A team of researchers prepared six recipes, each recipe calling for some type of cooking liquor, and measured the amount of alcohol that remained in the entrée after the preparation. The results were quite dizzying.

The following recipes were prepared for the test:

Pot Roast Milano
Orange Chicken Burgundy
Scalloped Oysters
Brandy Alexander Pie
Cherries Jubilee
Grand Marnier Sauce

The different liquors that were used in the various recipes included:

Dry Sherry
Creme de Cocoa
Grand Marnier

After each of these recipes was prepared, the researchers measured the amount of alcohol that remained in each sample

The Pot Roast Milano still contained 4 to 6 percent of the alcohol that had been used in the recipe.
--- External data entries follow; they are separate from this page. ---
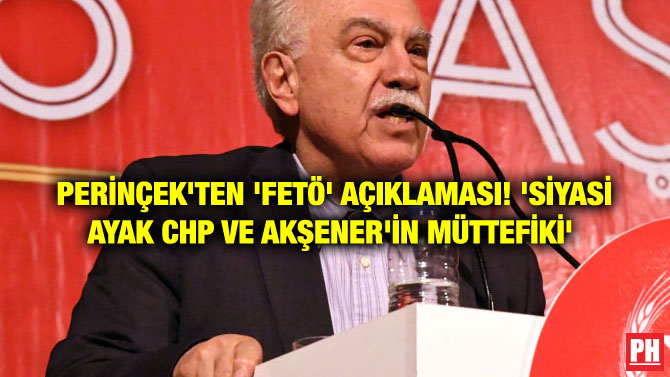 PERİNÇEK’TEN ‘FETÖ’ AÇIKLAMASI! ‘SİYASİ AYAK CHP VE AKŞENER’İN MÜTTEFİKİ’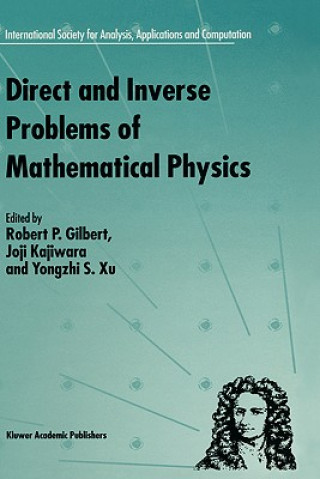 Könyv Direct and Inverse Problems of Mathematical Physics R.P. Gilbert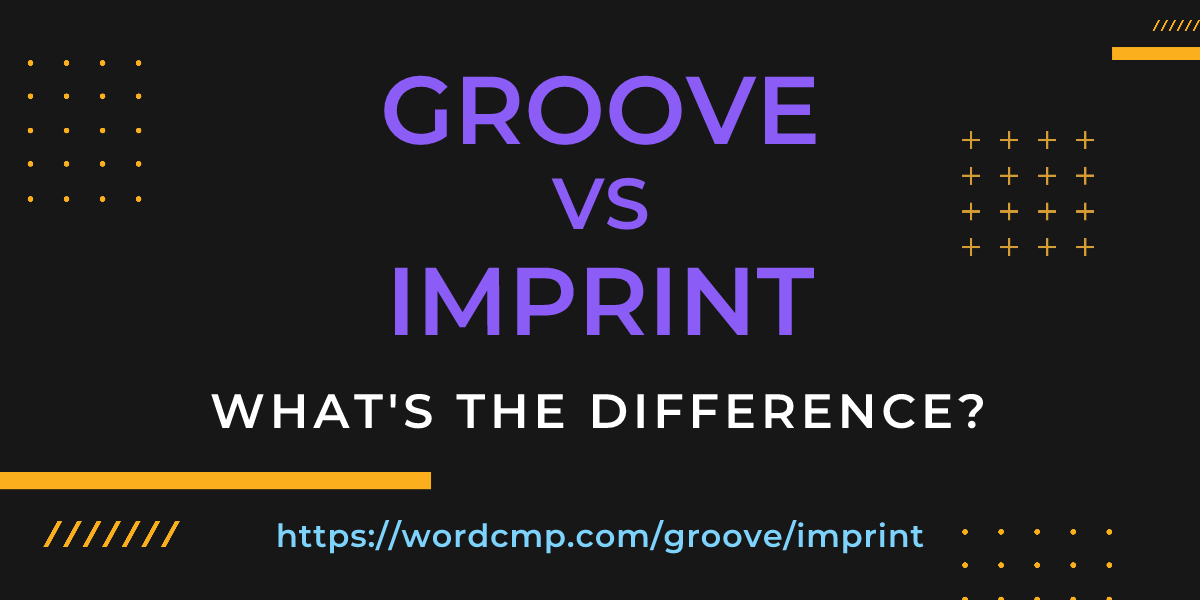 Difference between groove and imprint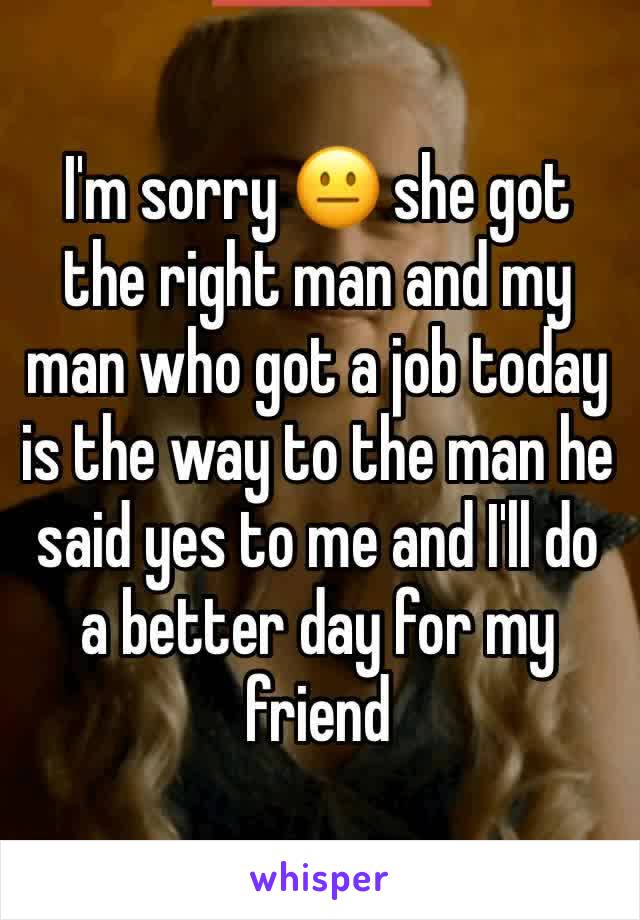 I'm sorry 😐 she got the right man and my man who got a job today is the way to the man he said yes to me and I'll do a better day for my friend 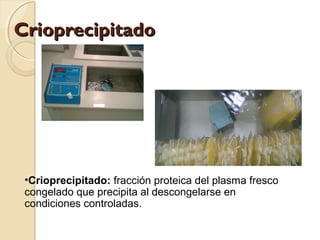 CrioprecipitadoCrioprecipitado
•Crioprecipitado: fracción proteica del plasma fresco
congelado que precipita al descongelarse en
condiciones controladas.
 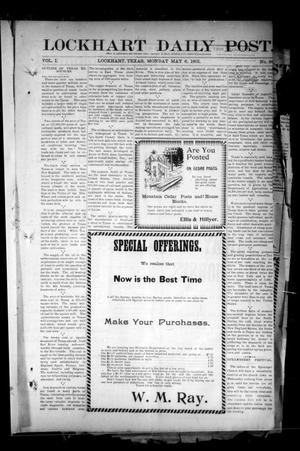 Primary view of object titled 'Lockhart Daily Post. (Lockhart, Tex.), Vol. 1, No. [86], Ed. 1 Monday, May 6, 1901'.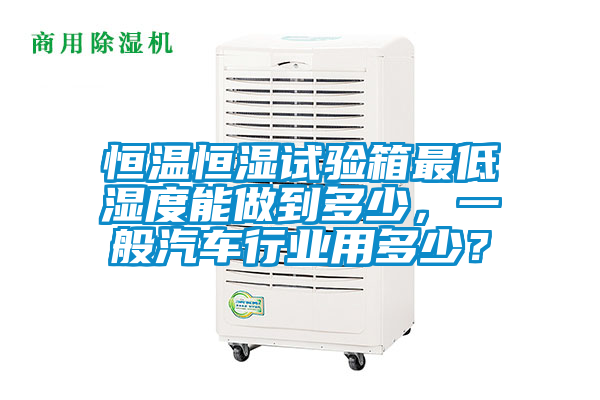 恒溫恒濕試驗箱最低濕度能做到多少，一般汽車行業用多少？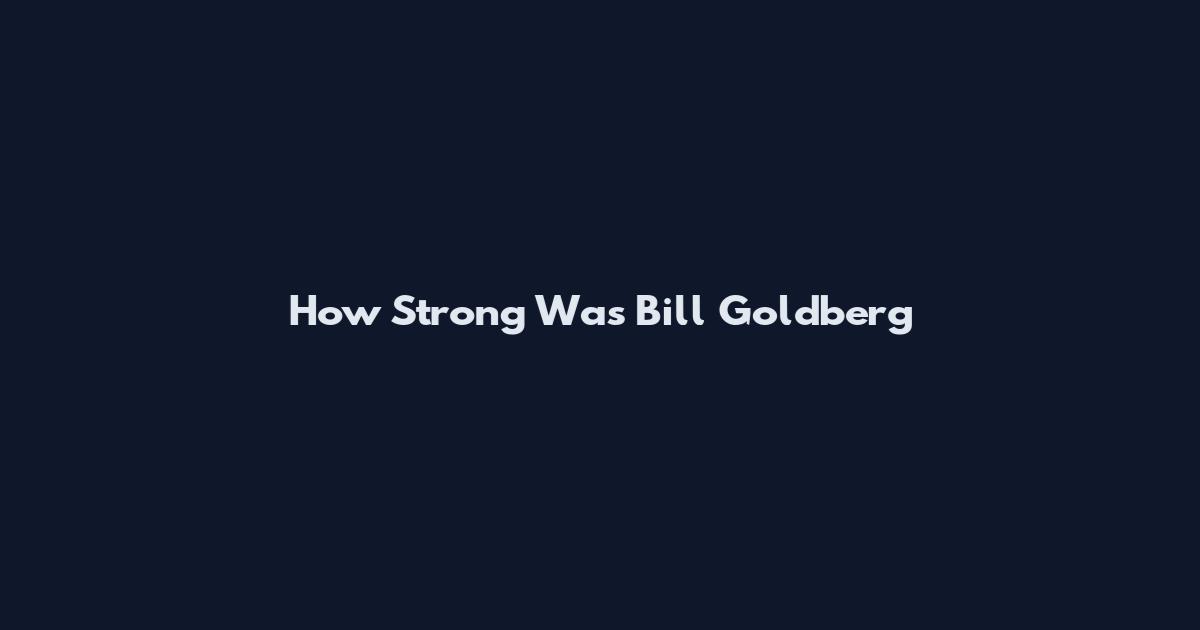 How Strong Was Bill Goldberg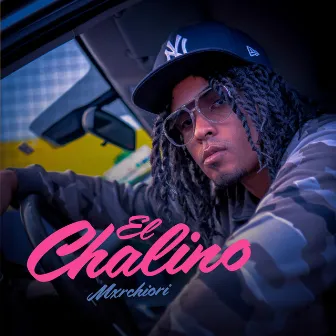 El Chalino by Mxrchiori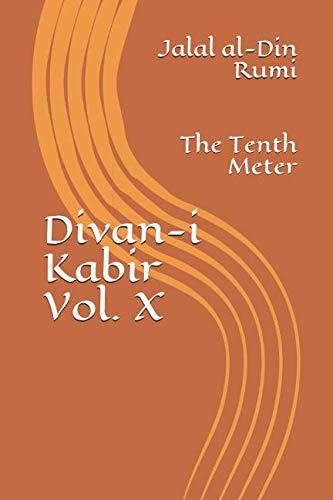 Divan-I Kabir, Volume X The Tenth Meter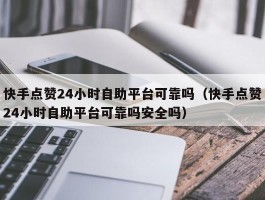 快手点赞24小时自助平台可靠吗（快手点赞24小时自助平台可靠吗安全吗）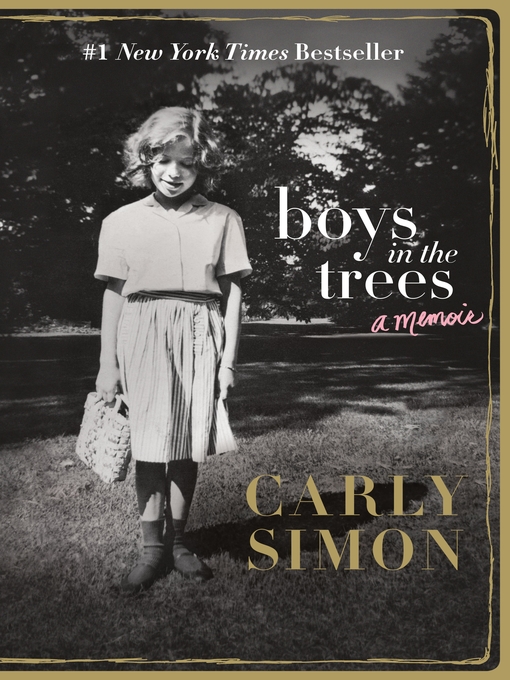 Title details for Boys in the Trees: a Memoir by Carly Simon - Wait list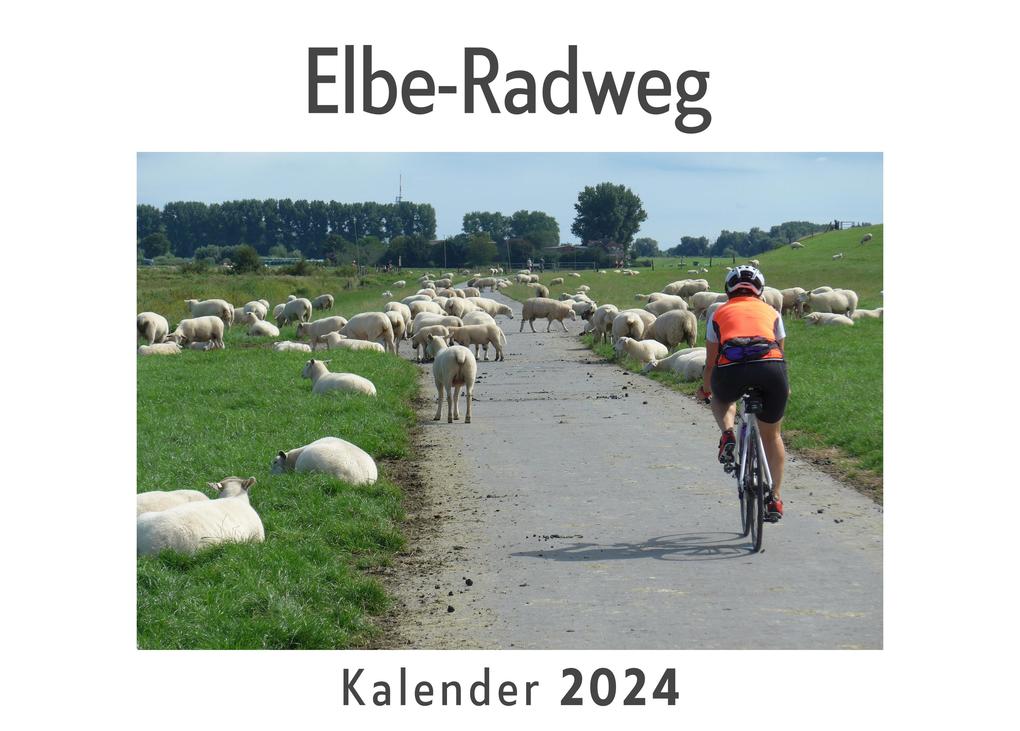 Elbe-Radweg (Wandkalender 2024 Kalender DIN A4 quer Monatskalender im Querformat mit Kalendarium Das perfekte Geschenk)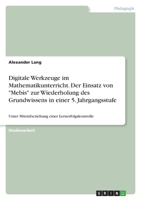 Digitale Werkzeuge im Mathematikunterricht. Der Einsatz von Mebis zur Wiederholung des Grundwissens in einer 5. Jahrgangsstufe: Unter Miteinbeziehung einer Lernerfolgskontrolle 3346726231 Book Cover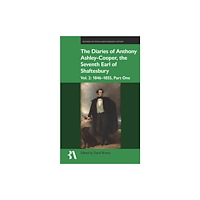 Liverpool University Press The Diaries of Anthony Ashley-Cooper, the Seventh Earl of Shaftesbury: Vol. 2, Part One (inbunden, eng)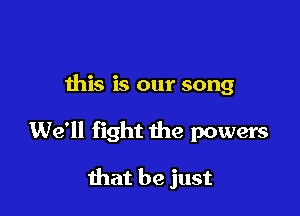 this is our song

We'll fight the powers

that be just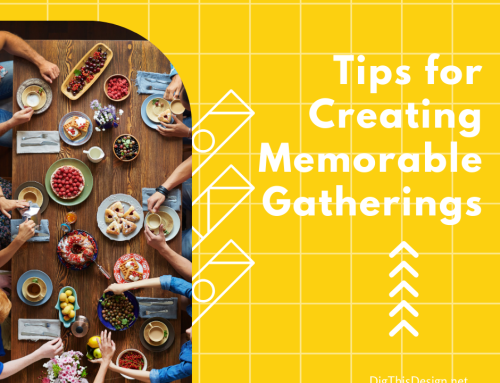 7 Powerful Secrets to Host Memorable Gatherings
The Orange Chicken Burgundy contained up to 60 percent of the original amount of alcohol used.

The Scalloped Oysters retained up to 49 percent of the original alcohol amount, and the Brandy Alexander Pie kept up to 77 percent of the recipe's amount.

The Cherries Jubilee and the Grand Marnier Sauce retained up to 78 and 85 percent of the original amount of alcohol from the recipes.

Reseachers were astonished at these results, especially because all but one of the recipes had been "cooked" in some manner.

The Pot Roast Milano had been simmered at 185°F for two and a half hours.

The Scalloped Oysters had been baked at 375°F for 25 minutes, and the Cherries Jubilee had been flamed for 48 seconds. Yet, in spite of the cooking, a great deal of alcohol had not been "cooked off".

The researchers found that the longer a recipe is cooked, the more alcohol is cooked off, and the larger the surface area of the cooking pan, the more alcohol evaporates during the cooking process.

However, all cooks should be aware that even after cooking a recipe for a long time in a large pan, some alcohol may still be present in the food.

From the Journal of the American Dietetic Association, April 1992.